Two weeks have passed and somehow James Conway is still in a job. He is the director of the English Touring Opera, despite having fired 14 of its musicians because they were born with the wrong colour of skin. These middle- to late-career musicians were presented with a letter from James informing them that henceforth the ETO was no place for goddam honkys. Well, OK, it didn’t quite say that — it thanked them for their excellent work and told them they were out on their ears because Conway wanted to make the orchestra more ethnically diverse.

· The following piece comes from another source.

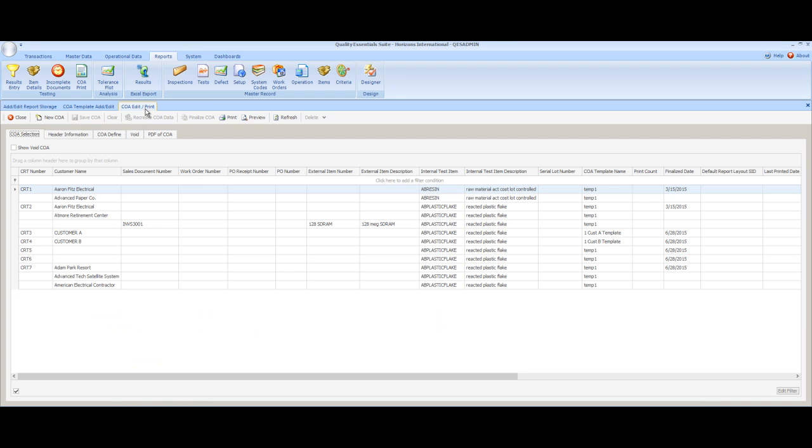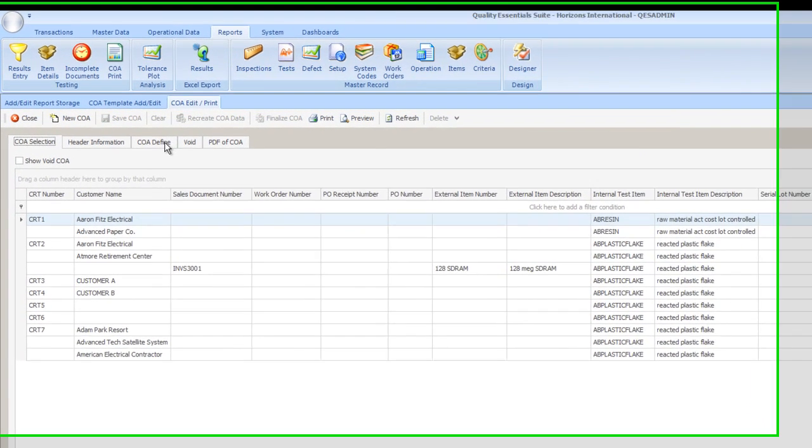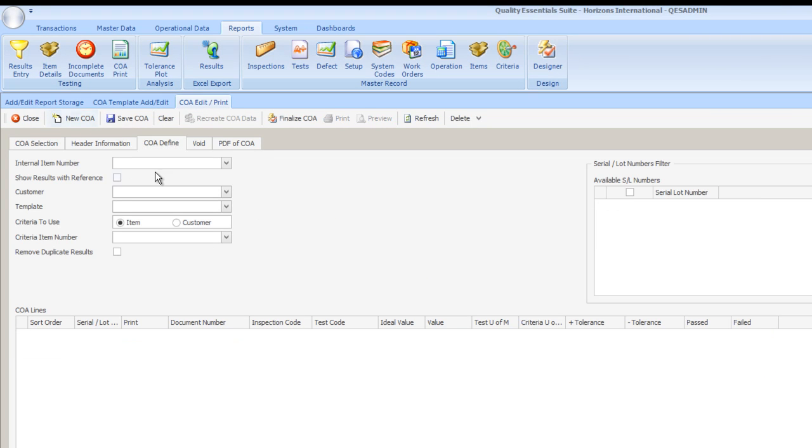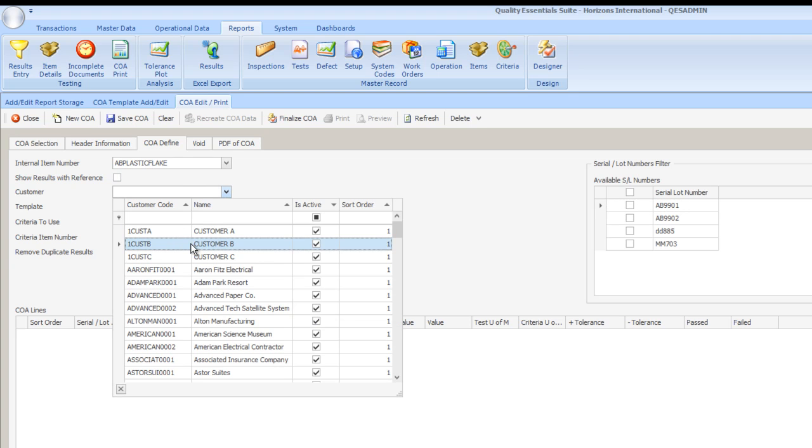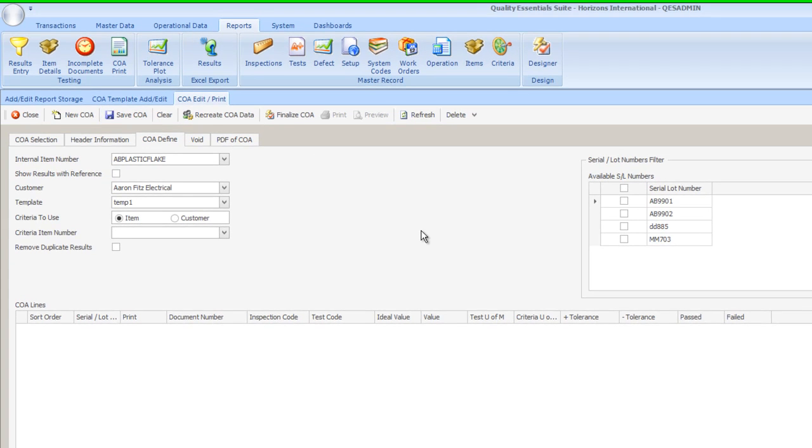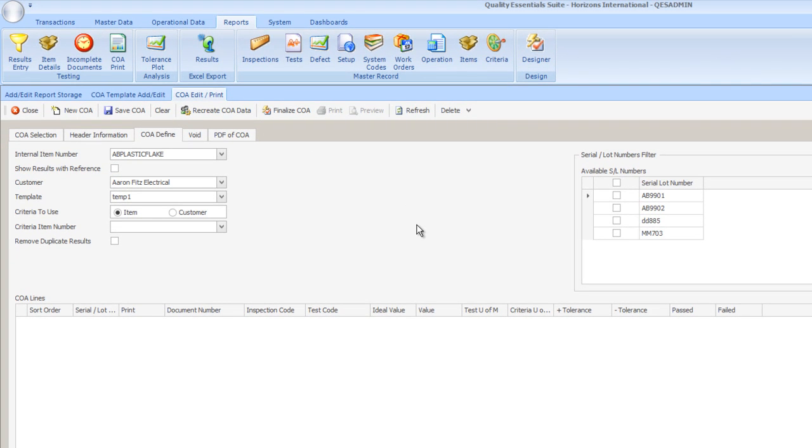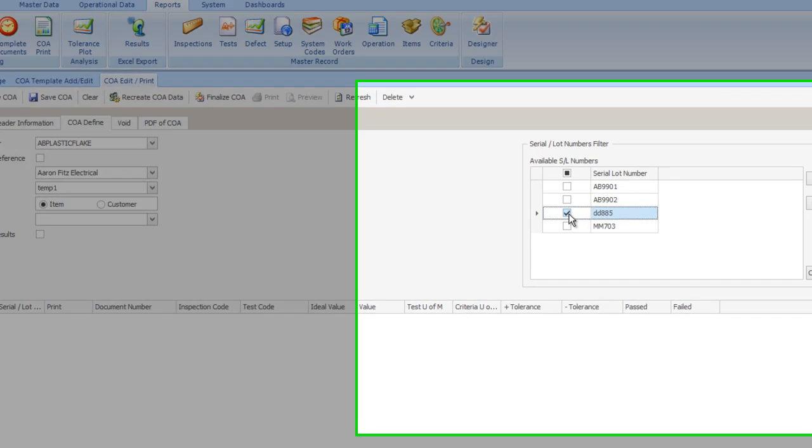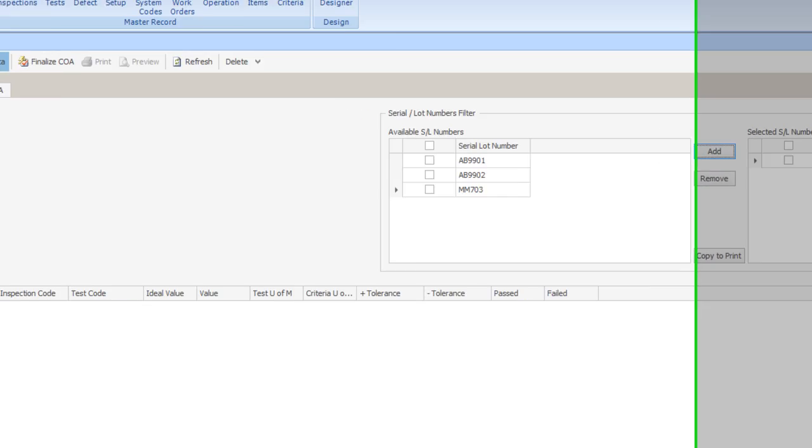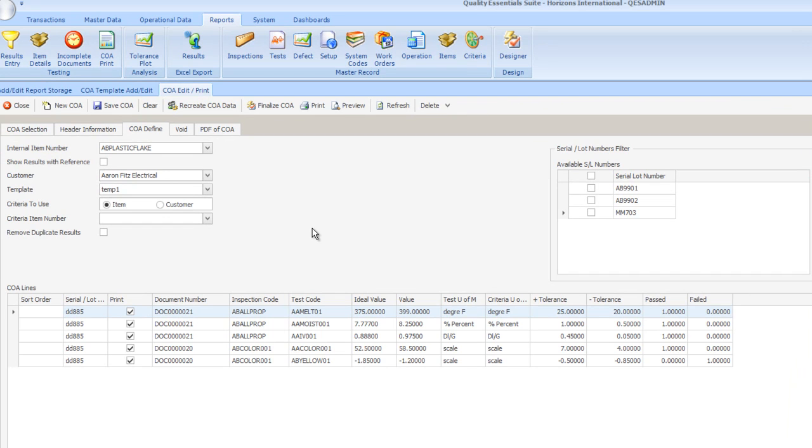In the COA Edit Print Form is where we begin the process of creating new certificates of analysis. We start by clicking on the COA Define tab and then selecting New COA. We're going to build these examples using our AB Plastic Flake item. We'll select a customer and then we'll select a template. For the purposes of our example, I'm just going to use template 1. In this particular case, what we're going to do is we're going to look at report choices for reporting on just the information for a single lot. I'm going to select the lot DD-885 and add it to my data and then search my database using the Recreate COA Data button for all of the test results related to this template and this lot.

The ETO claimed they had carried out this cracker pogrom at the behest of the Arts Council — which wouldn’t have surprised me terribly. But the Arts Council reacted with commendably apoplectic fury and said it had made no such demands and announced it would be investigating the issue. Since then there has been radio silence from Conway and the ETO. What he did was the very quintessence of racism, of course, but then across the country there are managers — especially in the public sector — desperately trying to outwoke each other with ever more obnoxious policy statements. What we need to do, as a country, is sack them all and send them to that Scottish island I mentioned last week to commune with the cormorants and great northern divers.

The culture war is sweeping through classical music at the moment, as each institution engages in escalating bouts of virtue-signalling. So, the Royal Academy of Music is debating whether it should set fire to its priceless collection of pianos and violins because they are tainted by the colonial trade in ebony and ivory.
Meanwhile, a black American academic, Philip Ewell, is leading another vanguard in pursuit of the destruction of western classical music which, the chippy idiot avers, is rooted in racism.